The first three are rather easy. You can use the straightforward algorithms you learned in elementary school. I'll give an example with addition assuming that the vectors have the lowest order digits in the smaller indexes (e.g. the number 1234 would be stored in an array like [4 3 2 1], though resizable since it's a vector).
First, get the length of the vectors (i.e. the number of digits in each number you want to add). Let's say I'm computing 1234 + 50. The lengths of these numbers are 4 and 2. The length of the output can be at most 5 digits, so for generality I should loop 5 times (or rather, max(length(n1), length(n2)) + 1 in pseudocode).

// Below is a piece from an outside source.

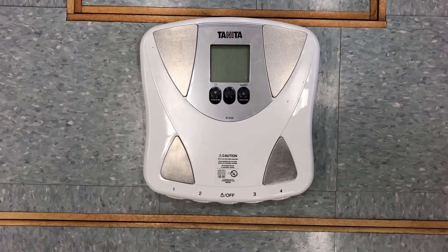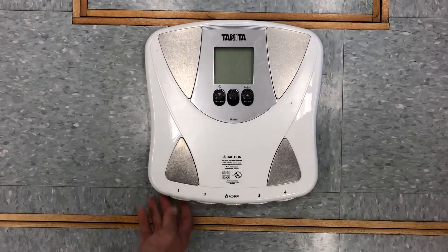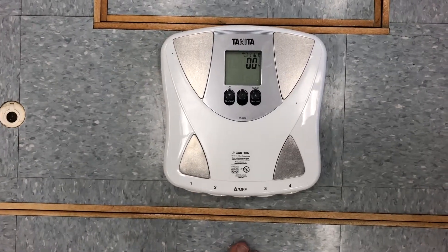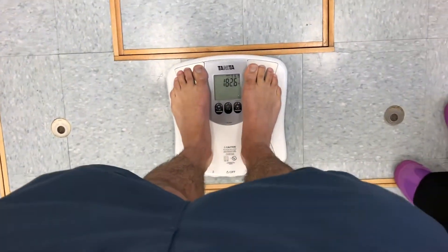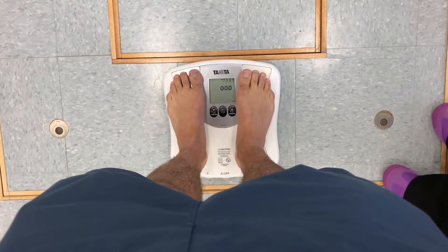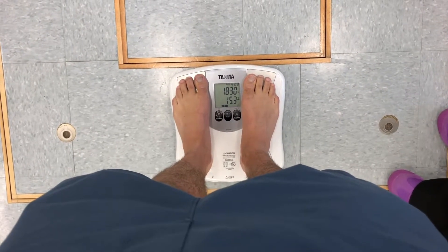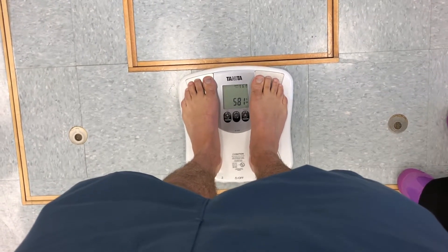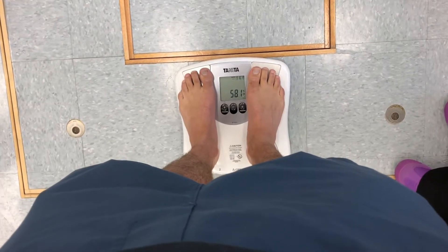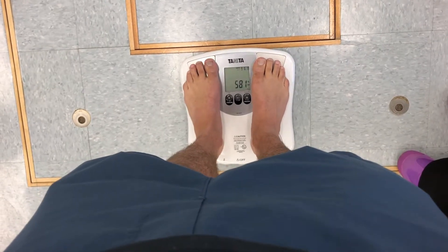Once you've programmed the date and the user data, you're just going to click on the number that you programmed — here we have number one — and you're going to step onto the scale. Make sure that your heels are in contact with the electrode surface, and all you have to do is stand quietly and still while it takes your recording. From this, you're going to get your weight, listed here as 183 pounds, your percentage body fat, here 15.3, and total body water. Record those values into your lab manual and then move on to the next BIA scale.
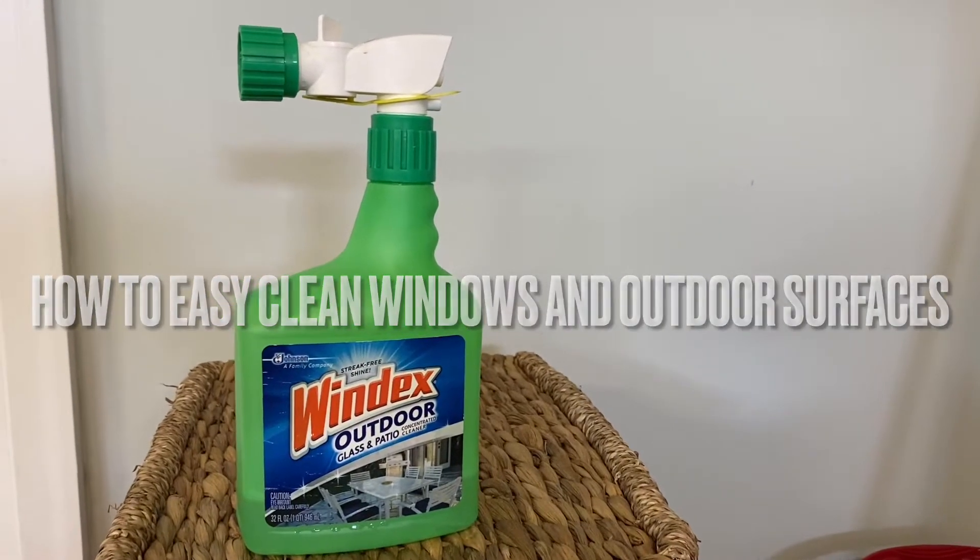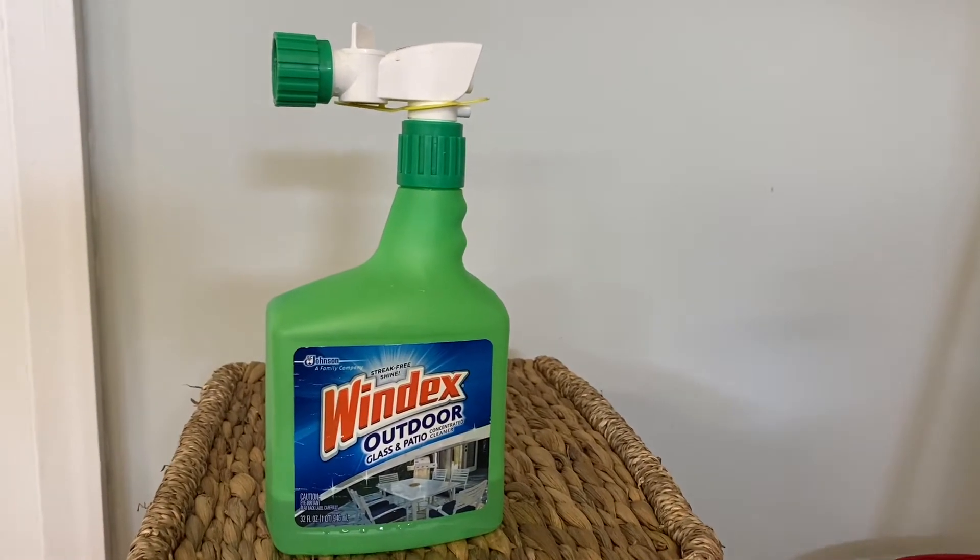Hey guys, I'm here to talk about this Windex product. I was gonna pull out my pressure washer and decided to try this instead.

Heck, I'll just write it in pseudocode from here:
public Vector add (Vector n1, Vector n2) {
int carry = 0;
Vector sum = new Vector();
for (int k = 0; k < max(n1.length, n2.length) + 1; k++) {
....int s = n1[k] + n2[k] + carry;
....sum[k] = s % 10;
....carry = s / 10;
}
return sum;
}
(I'm using the dots for indentation only, since I think the attach code feature is still broken.)
Basically, you just keep track of the carry and keep adding things through. Depending on your vector implementation, this may need to change. I'm assuming that indexing a higher order bit for a number that isn't large enough to have that bit non-zero will return zero (it should if these vectors are just being used for math). If it doesn't, you'll need an extra check for that.
EDIT: Changed index from i to k to avoid italics.